Homoranthus cummingii

Scientific classification
- Kingdom: Plantae
- Clade: Tracheophytes
- Clade: Angiosperms
- Clade: Eudicots
- Clade: Rosids
- Order: Myrtales
- Family: Myrtaceae
- Genus: Homoranthus
- Species: H. cummingii
- Binomial name: Homoranthus cummingii L.M.Copel.

= Homoranthus cummingii =

- Genus: Homoranthus
- Species: cummingii
- Authority: L.M.Copel.

Species of flowering plant

Homoranthus cummingii is a plant in the myrtle family Myrtaceae and is endemic to a small area in Queensland. It is an upright shrub with pointed, linear leaves arranged in alternating opposite pairs so they form four rows along the branchlets. The flowers hang downwards in pairs and are creamy white to pale yellow, turning red as they age. It is only known from Mount Zero north-west of Townsville.

==Description==
Flowers sporadically throughout the year, in particular September, January and May.

==Taxonomy and naming==
Homoranthus cummingii was first formally described in 2011 by Lachlan Copeland, Lyndley Craven and Jeremy Bruhl from a specimen collected on the private property Mount Zero in 2007 and the description was published in Australian Systematic Botany. The specific epithet (cummingii) honours Russell John Cumming, who discovered the species.

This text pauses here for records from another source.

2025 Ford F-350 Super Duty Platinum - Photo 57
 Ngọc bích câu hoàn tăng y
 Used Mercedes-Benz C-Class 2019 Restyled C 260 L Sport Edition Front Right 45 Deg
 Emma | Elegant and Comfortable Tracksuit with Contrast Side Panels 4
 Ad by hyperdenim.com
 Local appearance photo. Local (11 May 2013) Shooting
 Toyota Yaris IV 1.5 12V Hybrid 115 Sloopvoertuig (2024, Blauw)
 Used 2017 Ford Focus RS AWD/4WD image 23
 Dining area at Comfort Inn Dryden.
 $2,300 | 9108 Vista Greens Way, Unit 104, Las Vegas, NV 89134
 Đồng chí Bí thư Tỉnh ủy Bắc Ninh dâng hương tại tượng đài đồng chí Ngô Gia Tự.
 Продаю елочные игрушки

==Distribution and habitat==
Known only from the vicinity of Mount Zero ~85 km west of Townsville, Queensland. Plants grow in shallow, sandy soils among granite rocks.

==Conservation status==
Plant population appears to be about 30-50 plants in an area managed by Australian Wildlife Conservancy. Inappropriate fire regime and severe drought may be a potential threat. A ROTAP conservation code of 2E is recommended following the criteria of Briggs and Leigh (1996). It satisfies the IUCN criteria (2010) to be considered 'Critically Endangered'.